Belgian jazz pianist

Bram De Looze (born 23 January 1991) is a Belgian jazz pianist who trained at the Lemmensinstituut and at the New School For Jazz and Contemporary Music (New York), under the tutelage of Uri Caine, Marc Copland, and Reggie Workman.

== Career ==

=== Solo projects ===

==== Piano e Forte (2017) ====
After paying a visit to Chris Maene’s collection of pianofortes, De Looze started a project using three such instruments, approaching their historical position from a contemporary viewpoint. Intrigued by the old pianos, their temperaments and moods, De Looze approaches them from a contemporary musical idiom. Each piano possesses its own unique sound, which is of primary importance in this project. In search of challenges, De Looze effortlessly plays with time and space, evoking different moods in order to eventually form a harmonious whole.

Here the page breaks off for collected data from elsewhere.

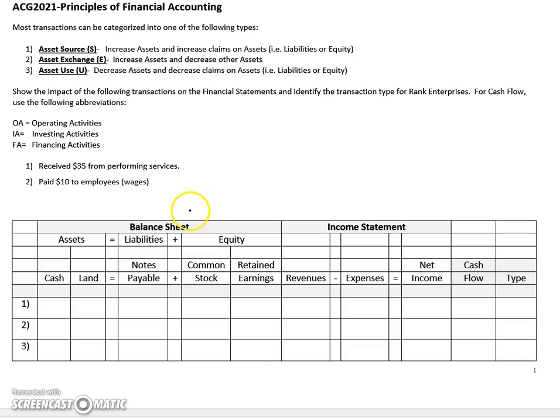In this exercise, we'll once again take a look at how a few different transactions impact the basic accounting equation: assets equals liabilities plus equity.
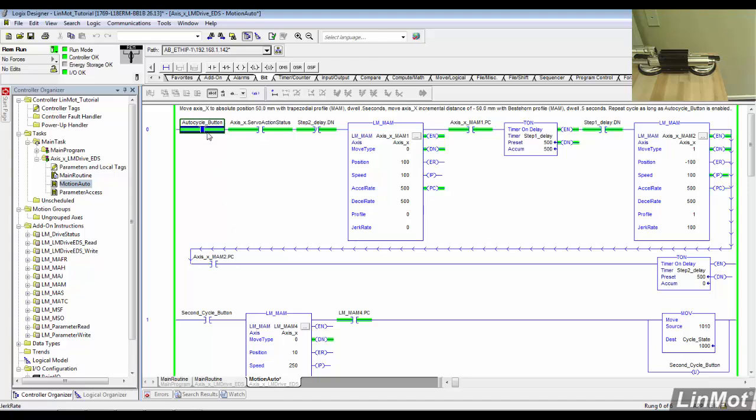An important difference between the LinMot AOIs and the traditional AOIs is that these run similar to a subroutine, meaning they have to be held true until the motion is complete. If the AOI is interrupted during a move, then you will not receive a process complete or in-process bit.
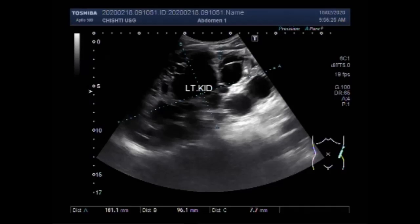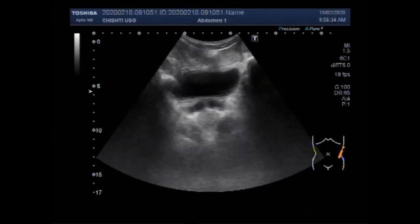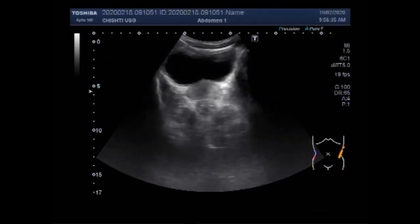Now you can see the left kidney. It is also enlarged in size and it measures 18.1 x 9.6 cm with decreased cortical thickness.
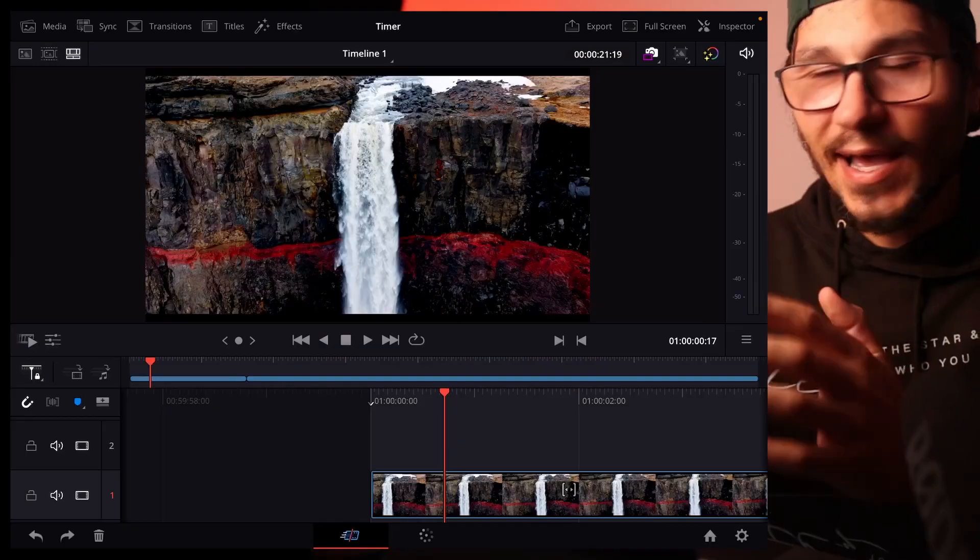In this video I will show you a very simple way how you can add a glitch effect in DaVinci Resolve for your iPad.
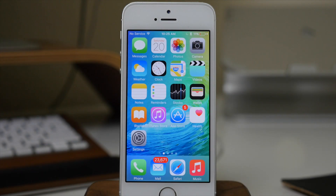What's up guys? This is Cody here with iPhoneHacks.com and today we're going to be taking a look at the UI changes in iOS 9.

Improvisation is one of De Looze's strong suits and is, of course, an important part of this project as well. He keeps in mind the repertoire specifically written for the fortepiano, but he also uses his own pieces with fragments of music from the 19th century. For this major solo project, De Looze uses original pianos and replicas of some well-known piano makers such as Anton Walter, Pleyel or Erard. The resulting album Piano e Forte (2017) and accompanying tour were met with rave reviews. De Looze has already performed in venues like Bozar, Schouwburg Kortrijk and the Handelsbeurs in Ghent.

==== Switch The Stream (2018) ====
A year after Piano e Forte, De Looze recorded Switch The Stream (2018) with the revolutionary Chris Maene Straight Strung Grand Piano, which allowed him once again to combine historical roots with modern techniques and perspectives. Chris Maene specifically appointed De Looze as a jazz ambassador for a new instrument. This revolutionary piano was built at the request of Maestro Daniel Barenboim. With this project, De Looze has already played at the Handelsbeurs, Flagey and to a full house at KAAP.

==== Colour Talk (2020) ====
With his latest solo project ‘Colour Talk’, De Looze continues his trajectory with another revolutionary piano model, designed by lauded architect Rafael Viñoly, and a continued attempt to renew from within.

While still rooted in jazz, classical music and free improvisation have found a new balance, a coexistence that enables the pianist to express himself with a new vigour. ‘Colour Talk’ is once again an ode to (re)invention in the grey zone were the classical idiom and improvisatory urges meet.

=== Collaborations ===

==== LABtrio ====
The Belgian jazz trio LABtrio was founded in 2007 around Lander Gyselinck (drums), Anneleen Boehme (bass) and Bram De Looze. They won a number of competitions, including the 2008 Belfius Axion Classic competition and Brussels Jazz Marathon. In 2018, they received the Jong Jazztalent Gent award. In 2011, the band won the grand prize at the Tremplin Jazz d'Avignon international jazz competition.

==== Septych ====
In 2014, De Looze launched an ensemble consisting of two cello's, three horns, drums and a piano together with various improvisers such as Daniel Levin, Lester St-Louis, Robin Verheyen, Gebhard Ullman, Bo Van Der Werf and Flin van Hemmen.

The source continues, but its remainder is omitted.